And so how do you herd the cats? So let's just kind of role play for a second, and again apply this to your enterprise accordingly. But on the left hand side of this equation is your team, right? So if you are again, selling, you know B2B—obviously this webinar is about complex sales. So we're going to make some broad assumptions here: If It's a B2B, or a high dollar B2C sale, that's going to involve anywhere from literally 5 to 10 people in your organization. That's going to be the original sales rep., that’s going to be a leader, a sales leader, maybe a subject matter expert, contracting—all sorts of different folks to be on your side of the equation right?
And then on the client side, you all know this is…that as you penetrate the account, you started that sale with just one person on the team and then from there you have to do all this consensus decision making. And there's a big decision making team on that side—10 to 15. Many of our regulated industries, like we have many clients who are selling into healthcare and finance, and you know all sorts of stuff. They have 20 people plus, on the actual onboarding side, right? And so the numbers just start to get very, very substantial.
And so, in order to attack this problem. You know, email, instant failure, Google, Doc, instant failure, excel spreadsheet, instant failure. Because all of this is over time. And how do you properly communicate and collaborate with both sides of the equation, right? And this chasm, this delta, is really one of the big driving areas of where visibility, management, expectations, risk, all permeates—it’s because there's a lot of people involved in this process over a period of time. And how do people create visibility and optimization of their relationships during that.
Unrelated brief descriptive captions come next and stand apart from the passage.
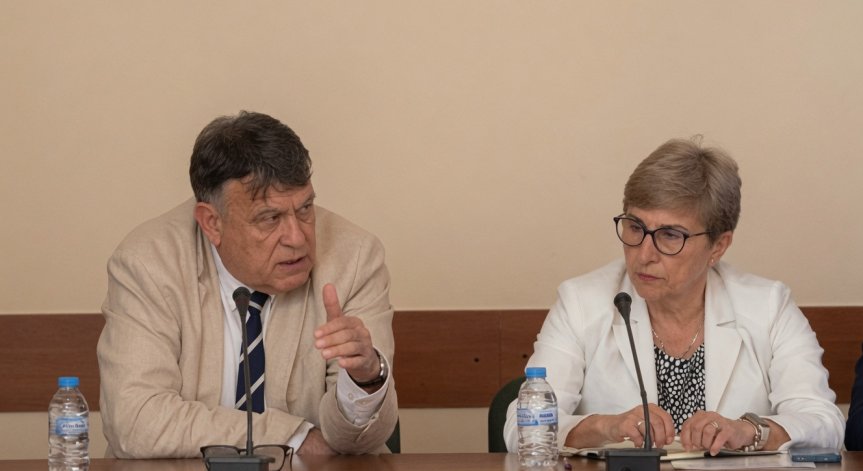 Без компромиси в подготовката на учители, поиска просветният министър от висшето образование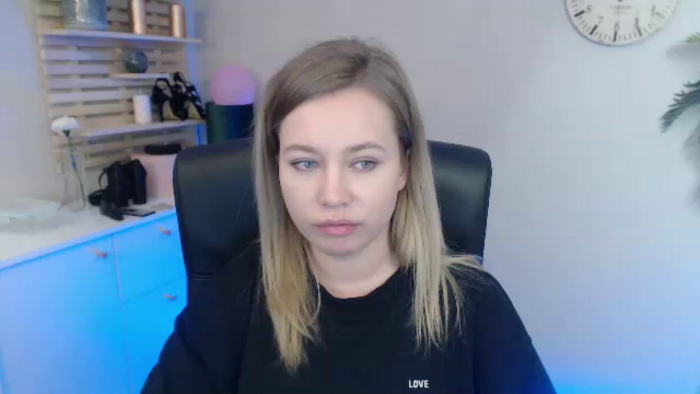 bambiHOLLY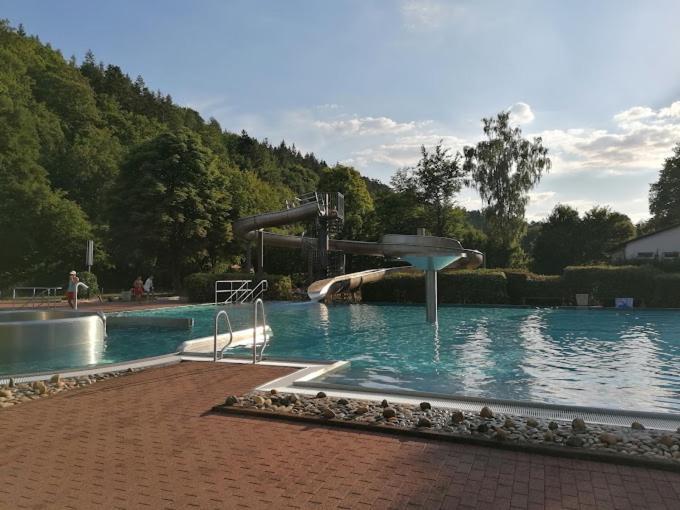 Ferienhaus Hescheld With Private Jacuzzi Хелентал Екстериор снимка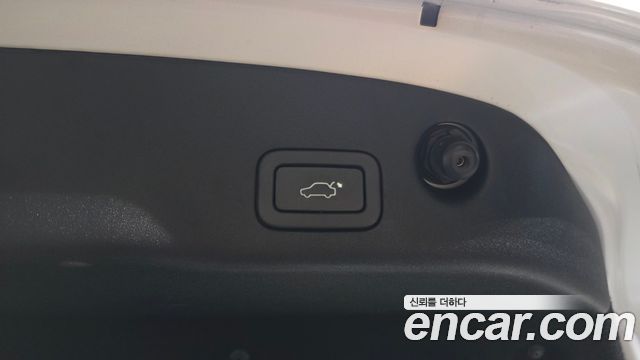 Jaguar XJ 2013 — photo 19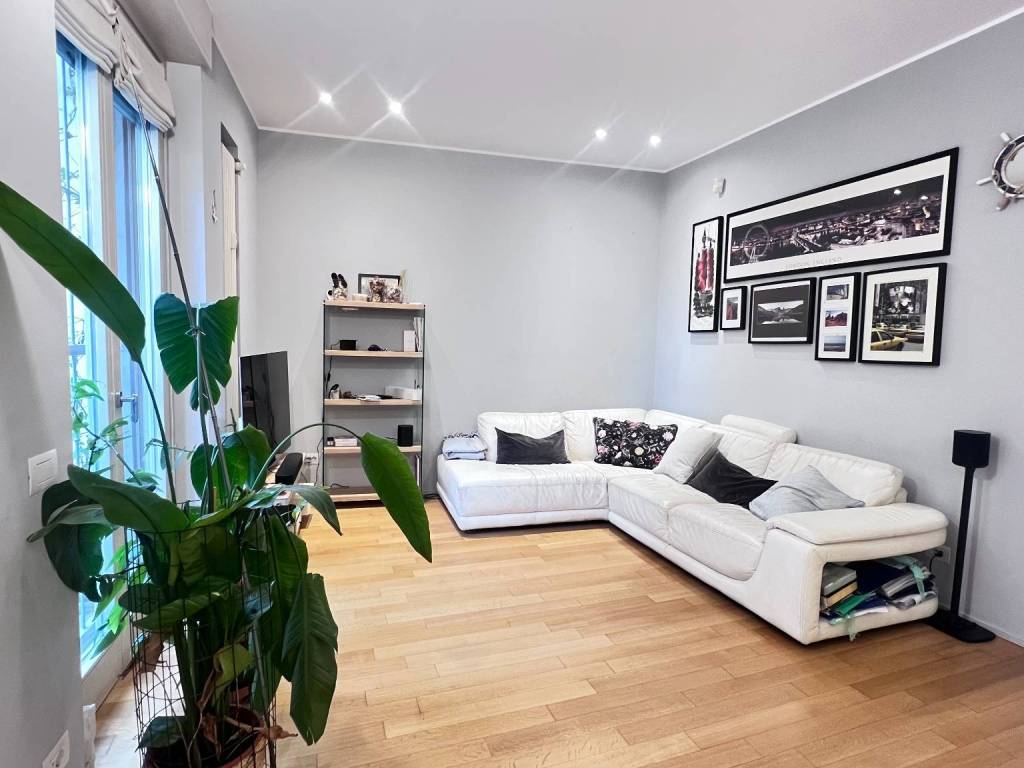 appartamento in vendita a Milano in zona Centro Direzionale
So it really is a multiplier game.
I'm 46 and it wasn’t this way, 10-15 years ago—literally, not being “Old Timer Joe,” but literally the number of people involved in both sides of the equation. The actual sale-to-hand off-to-onboarding-to the actual consumption of the people on the right hand side, is crazy, right?
And that's why companies are reluctant to onboard new platforms, if they feel like there's going to be a lot of risk and disruption. So having a really strong onboarding process is really critical to your organization's success. Because it's the first opportunity they're working with you, the bulk of the team, and then also their judgment of how organized and optimal your group is going to be with them moving forward, is heavily judged on those, you know, “You never get a second chance to make a first impression.” That's real. That's real in onboarding. That's real in industry, right? Especially if you have a cross all upsell methodology that most of your revenue is coming later. Yeah, it's even more critical, right? So again, stepping back.
It's an environmental challenge, right? And so you've done good selling. Now, you got this awkward scoping issue. If you have some PS or app wrapped around that, that's another thing I didn't even talk about. Many of our clients have not only a product or a service they're offering, they also, in that service, might have Professional Services that are being layered over that. So that's a whole other team, right? You got the product people. You got Professional Services people. I think I'm beating this to the ground enough…(Thanks, that’s funny!) …you know, you get it. It's “Camp-Run-a-Muck, right? And so this environment then permeates a lot of the problems that we just talked about. If you don't wrap your hands around that. And for many people, the current way they're doing that is through email. And you know, loose, loosely organized materials and information—no way to consistently get visibility, measure that, etc.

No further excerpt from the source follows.